PCHS students update script of play about Pell City’s heritage and will perform it at Avondale Mills Day

Published 6:30 pm Friday, August 19, 2016

CEPA kids

I’m being impressed like I haven’t been in quite a while.

Earlier this year, The Heart of Pell City Downtown Revitalization approached me with a proposition. “We found a play about Pell City,” Urainah Glidewell said. “Do you think we could put it on at CEPA?”

The script was written by Vickie Harmon, then a teacher with the Pell City School System, in 1990 for the city’s Centennial Anniversary. She called it “Our Town,” and it featured narrator Rob Skelton walking the audience through the founding of Pell City and some of it’s most notable characters. It’s fantastic, and I was on board.

Well, a week or two later, Urainah, Vickie and I approached PCHS Drama Teacher Ginger McCurry with a proposal of our own: Would her classes like to put the production on? Ginger loved the idea. So, we decided to update the script a bit and have a final version in front of the students on the first day of school.

Of course,  that didn’t happen. Mostly because updating the script fell to me, and I didn’t do it. I’m rather embarrassed about that now, but at the same time I’m really not. What we’re doing is so much cooler.

Imagine yourself in high school, third day of your senior year, and some strange man you’ve never met before wanders into your class and tells you that over the next week, you’re going to write a play. He freely admits that he has no experience in this department, and he’s fairly sure you don’t either. Of course, that doesn’t matter, he says. We’re doing it anyway.

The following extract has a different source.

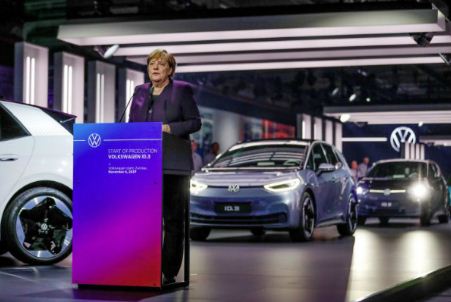 احتمال ورشکستگی صنعت خودروی آلمان در پی شیوع کرونا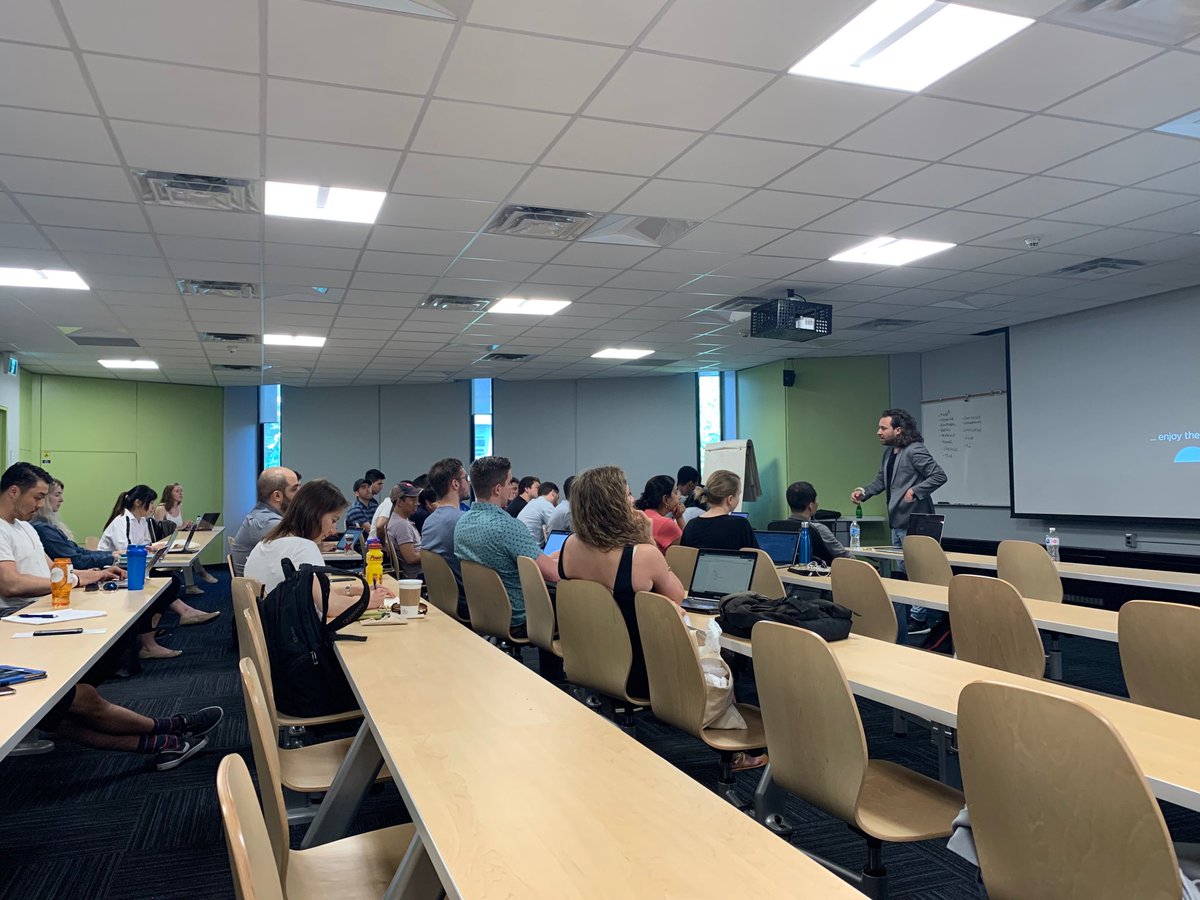 So enjoying this ⁦<a href="/SpeakerLabs/">Speaker Labs</a>⁩ session right now with ⁦<a href="/eric_silverberg/">eric silverberg</a>⁩.  Awesome public speaking advice for ⁦<a href="/NEXT_Canada/">NEXT Canada</a>⁩ cohorts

That really happened. I was staring into a room full of dinner-plate eyes, the ones looking at me anyway. The rest just went back to their own conversations. It took a minute, but with Ms. McCurry’s lead we broke two classes into seven groups and proceeded to write the first play that would be credited in part to the Pell City High School Drama Department.

Now, let me tell you how I thought this would go. I assumed the classes would read Mrs. Harmon’s script and collect a few characters, we’d write a handful of dialogue and we’d launch this thing by the end of the week.

But that wasn’t it at all.

The second day I walked in to class, I get bombarded. I had previously dropped stacks of research into these students’ laps and walked away with ambivalence. When I came back, there was nothing but energy. These students not only dug through the history of Pell City to find the city’s roots, they started digging to find their own.

They went home and asked their parents about the creation of Lake Logan Martin. Students asked about the Mill and who in their families worked there. They researched their own genealogy. One student went to the St. Clair County Archives in Ashville on her own to to dig deeper.

Then, they all told each other their stories.

I learned in that moment the infectious nature of education. Excitement breeds creativity and critical thinking, and being connected to it when it manifests in a student is a feeling that I’ve never felt in another setting.

Seeing a student care about something in the way these have will make you wish immediately that you had the time to provide more opportunities like this. It has with me, anyway.

In about six weeks, they’re going to take the script they wrote and perform it for you as part of Avondale Mils Day on October 1. I have to say, what they came up with better than I ever imagined. I know that October 1 is a football day, but this year I can honestly say I’m going to sell my tickets to make sure I’m here for this one.